7 de dezembro de 2019








O que Bing faz em Dead Souls é quase como o que Lanzmann fez em Shoah, a mesma “visita” aos locais e a mesma captação do testemunho da sobrevivência… é no vislumbre fantasmático do passado e do tormento do genocídio vivido que vivem essas duas obras monstruosas e assombrosas, na paciente e directa observação do relato/testemunho do sobrevivente, na crueza da matéria, na asperidade do espaço e da imagem, no realismo do objecto e na negação do romancismo.

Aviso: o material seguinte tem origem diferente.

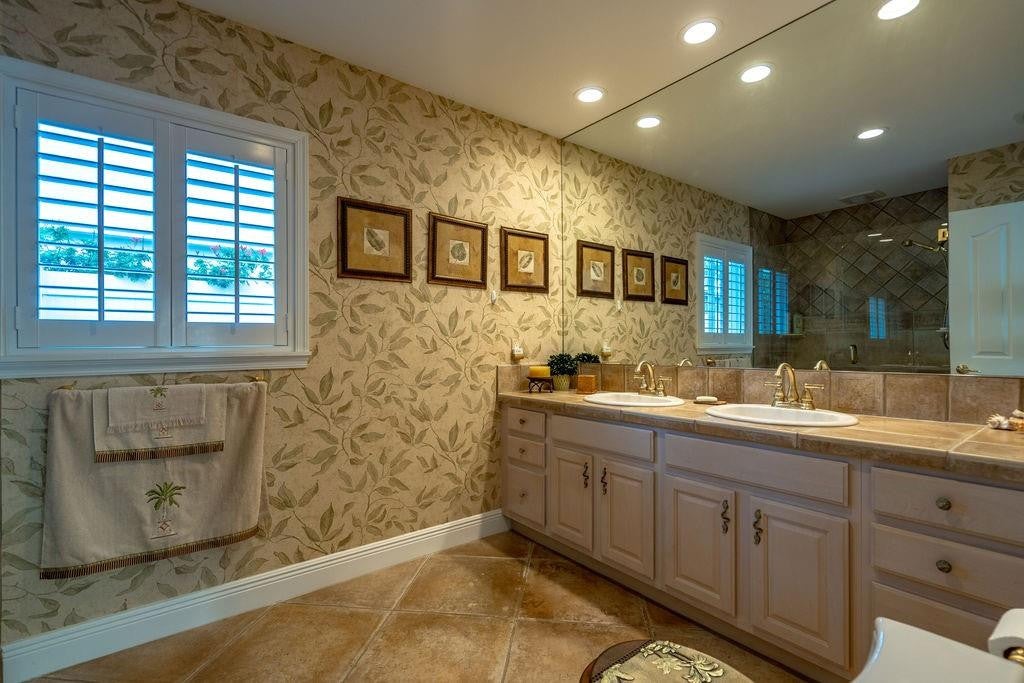 Lighthouse Point, Florida, 33064, United States, 3 Bedrooms Bedrooms, ,4 BathroomsBathrooms,Residential,Active,2011217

Dead Souls, nas suas oito horas e tal de duração, transmuta o absurdismo lancinante e desumano da fase mais vigorosa do comunismo chinês naquelas palavras daqueles sobreviventes, nas expressões, nos olhares, nos passos e nos lugares. Tudo tão seco e tão directo quanto possível. São aqueles rostos e aqueles corpos arrasados pelo tempo e vilipendiados por um regime totalitário, opressivo e impiedoso que transcendem o espaço e engrandecem o relato da descida ao inferno e à mais pura e elementar forma de primitivismo a que foram lançados. São aqueles rostos e olhares vazios, absortos pela fome e pela desumanidade do regime, aqueles corpos afrouxados e prescritos que aceitam ser filmados e descrever o passado e o horror (sobre)vivido que tornam Dead Souls um dos melhores filmes das ultimas décadas.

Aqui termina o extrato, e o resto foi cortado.